La musique parle d’elle-même et puise dans les traditions de chacun, forcément. Stravinsky, Rachmaninov, toute cette musique sort d’une tradition. On peut écrire dans les langues étrangères mais la musique est étroitement liée à la tradition de chacun. Mon changement s’est opéré naturellement. C’est comme changer de vêtement», déclare celui qui a séduit le grand réalisateur Emir Kusturica, qui lui confie la musique de ses film. «Comme je ne suis pas un vrai compositeur de films, pour moi c’est facile. Je ne sais pas si vous vous souvenez d’un film, Andreï Roublev, réalisé par Andreï Tarkovski. Au début du film, le barbare détruit tout dans le film et l’Eglise. Le barbare tue l’unique fondeur de cloches de l’église.

Le tsar demande au fils du défunt si son père lui a confié ce secret. Le petit enfant dit oui, même s’il ne savait pas du tout. C’est la même chose pour moi. Je ne suis pas compositeur de films. J’ai fait le Temps des gitans par amitié, s’en ont suivis deux autres films. Je ne crois pas beaucoup dans l’illustration de films, c’est pour cela que je ne suis plus dans l’industrie du film. Ma musique est trop mélodique». Avec humilité, il s’excuse presque d’être là. Virtuose et artiste de talent, Goran Bregovic a su donner une direction à la musique de l’Est et apporter des messages de paix à travers cette musique.

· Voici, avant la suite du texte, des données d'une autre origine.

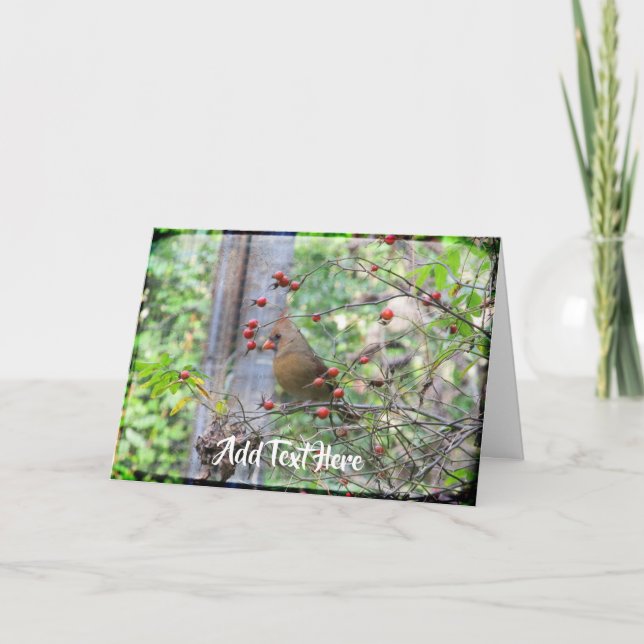Carte Cardinal sur branches de Berry en hiver (Devant)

Chef d’orchestre sur scène
Avec son costume blanc qu’il se permet de porter sur scène parce que c’est impossible dans la vie de tous les jours, il est ce chef d’orchestre qui entend tout, voit tout, supervise tout, tout en laissant les musiciens s’exprimer librement et en profitant de chaque seconde sur scène. Pour lui, l’imperfection est primordiale. «Les cuivres gitans étaient comme le Punk au début, ils ne portent pas seulement la musique, ils portent la folie. La musique n’est pas tout; on a besoin de folie, pas seulement de musique. Le cuivre gitan est pour moi un instrument punk ! Une musique jouée par les amateurs. Les instruments n’étaient jamais vraiment accordés, c’était fou! Cette musique a apporté une véritable folie. Le Punk est mort avec «God save the queen», premier titre produit par un véritable producteur. Les cuivres gitans étaient joués par des gens sans formation aucune, il y a toujours une part d’improvisation et d’instruments mal accordés qui rend, à mon sens, la musique plus folle et plus humaine», révèle celui qui puise dans le vrai et dans la magie.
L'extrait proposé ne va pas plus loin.